Spain to implement electronic tax filing

Written by: Eva Poyatos, GTM Governance, EMEA

The Spanish Tax Agency, Agencia Estatal de Administración Tributaria (AEAT), is working to expedite a new tax process as part of a national strategy to avoid tax fraud. The AEAT is planning to implement a system by January 2017 to electronically handle their Value Added Tax (VAT). This new system will require that invoices issued and received be registered.

While the implementation date is set for January 2017 the government is working to bring this date forward. A Royal Decree has been drafted for the modernization, improvement and boost of the use of electronic means in the VAT management, which modifies the current Regulation 1624/1992 on VAT management.

Under the new process, all invoices issued and received by those companies falling under the scope of the Royal Decree will be required to be report the invoices through the Sede Electrónica of AEAT Web page. This electronic reporting will be mandatory for companies that report a monthly VAT return, in accordance with article 71.3 of the Spanish VAT Regulation 1624/1992. However, it will also be an option for those companies who report a quarterly VAT return.

Those who report their invoices electronically to the Tax Agency will be exempt from filing further VAT forms. These are form 347 (Operations with third persons), form 340 (Informative declaration for exporter, based in article 36 of the Regulation 1624/1992 on VAT management) and form 349 (Intra-EU operations declaration).

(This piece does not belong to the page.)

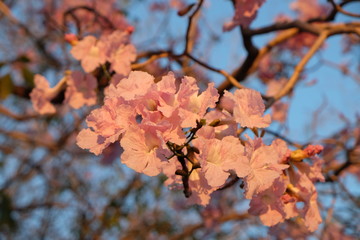 Very beautiful of pink tabebuia flower bunch on the blurry trumpet tree background with clear blue sky and morning sunshine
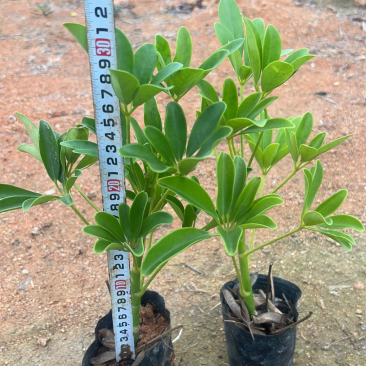 鸭脚木15-30高，基地直销，价格优惠，大量现货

Importers and exporters will be able to provide their transactional information immediately, on an ongoing basis, through a web service or for those who have very few transactions by filling a web form. The information to be provided will be the date of issue, date of the operation, VAT registration number of the consignee, VAT base, quota, etc. to the import and export SAD number and date of acceptance. Information that goes beyond the standard invoice will be collected by the AEAT. In terms of delivery dates, intervals are short so it will require coordination between various departments and will also require some companies to complete some IT development as the information will be required by the AEAT within 4 days from the invoice issue or received date.

The information reported electronically by a company will be visible to its suppliers and clients where there is a declared VAT book and a cross-check VAT book. The information provided by two related operators (supplier/client) included in this new process will be matched, allowing the AEAT to find discrepancies, improve the information and detect fraud.

Some aspects of the new system will mean a complete change in business practices for many companies and a potential change in the relationship with their clients and suppliers. It will be interesting to see how this develops once it is implemented. In general, the impression is that more and more companies will opt to provide this information electronically and use this new process, but at the moment there is much to consider in order to get the new requirements implemented.